Rock

Pearl Jam wächst auf „Gigaton“ erneut nicht über sich hinaus

Eddie Vedder (vorn), Frontman von Pearl Jam, und seine Band. Mit „Gigaton" veröffentlicht Pearl Jam bereits die elfte Studioplatte.

Eddie Vedder (vorn), Frontman von Pearl Jam, und seine Band. Mit „Gigaton" veröffentlicht Pearl Jam bereits die elfte Studioplatte.

Foto: Danny Clinch / dpa

Essen.  Das elfte Album der Grunge-Heroen aus Seattle ist nicht so schlimm wie die Vorab-Auskoppelung im Januar fürchten ließ. Aber auch kein Meilenstein.

Der Aufschrei war gewaltig: Kaum hatte Pearl Jam Ende Januar den ersten Song aus dem neuen Album „Gigaton“ im Internet veröffentlicht, da hagelte es aus Teilen der Anhängerschaft heftige Kritik: Das klinge wie Elektro-Pop oder New Wave aus den frühen 80ern, nicht aber wie der schmutzig-enervierende Grunge-Sound vergangener Tage. Den Erzürnten mag man nun zurufen: Ruhig Blut! Wer sich das Album als Ganzes anhört, wird fix zu dem Schluss kommen: Die US-Amerikaner haben das Rocken nicht verlernt.

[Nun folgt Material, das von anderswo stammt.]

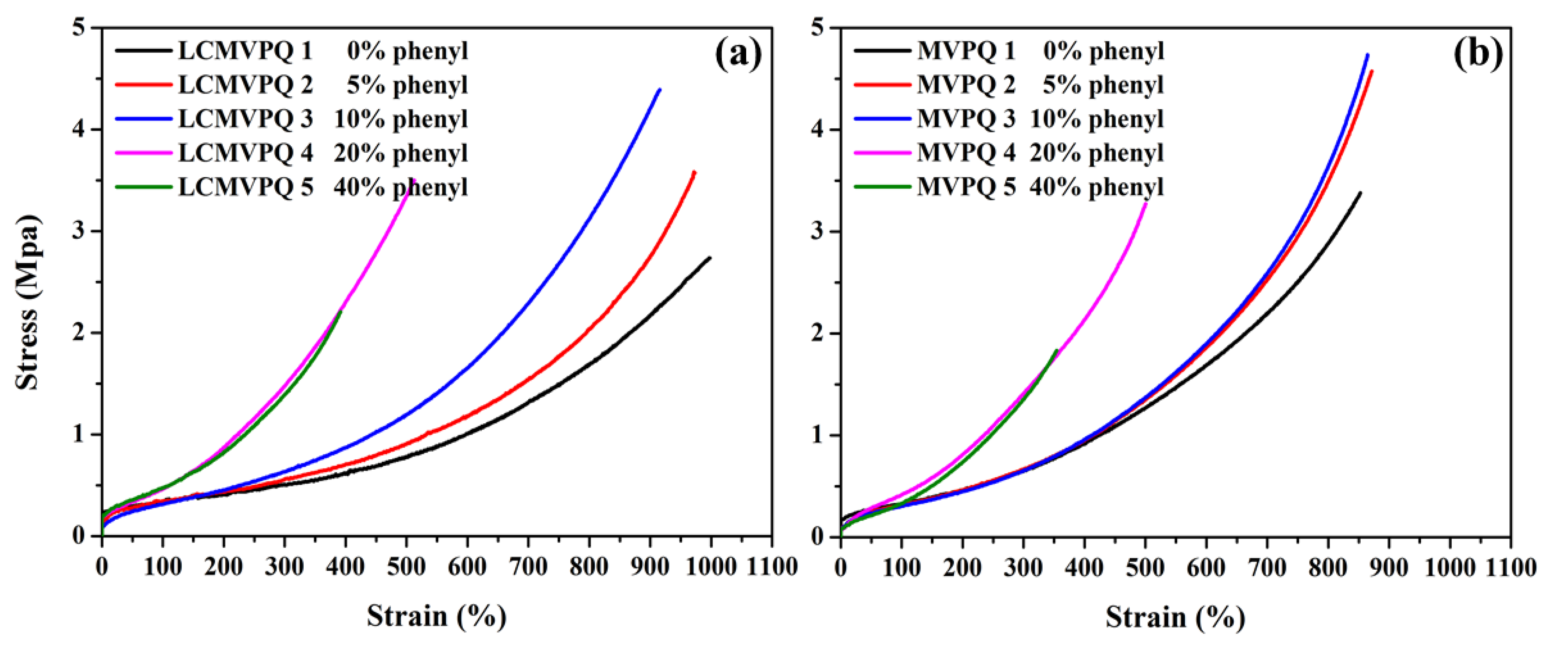 Polymers 14 00903 g005 550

Sieben Jahre sind seit der letzten Veröffentlichung vergangen. Und „Lightning Bolt“ war in Kritiker- und Fankreisen wohlwollend, aber nicht enthusiastisch aufgenommen worden. Das war in der Anfangszeit noch ganz anders: Die 1990 gegründete Band zählte zu den Fixsternen im Grunge-Universum, das sich nach der Veröffentlichung des Nirvana-Albums „Nevermind“ im Urknall über Nacht ausgedehnt hatte. Neben Soundgarden und Nirvana prägte Pearl Jam den „Sound of Seattle“. Ihr Debüt-Album „Ten“ (1991) verkaufte sich 15,5 Millionen Mal, der Nachfolger „Vs.“ (1993) allein in der ersten Woche knapp eine Million Mal. Die Band stand gleich zu Beginn in ihrem Zenit. Mit jeder weiteren Platte sanken die Verkaufszahlen – bei anhaltender Verehrung durch eine unverwüstliche Fangemeinde. Egal, wo auf diesem Planeten ein Konzert der Band angekündigt wird: Es ist in Minutenschnelle ausverkauft.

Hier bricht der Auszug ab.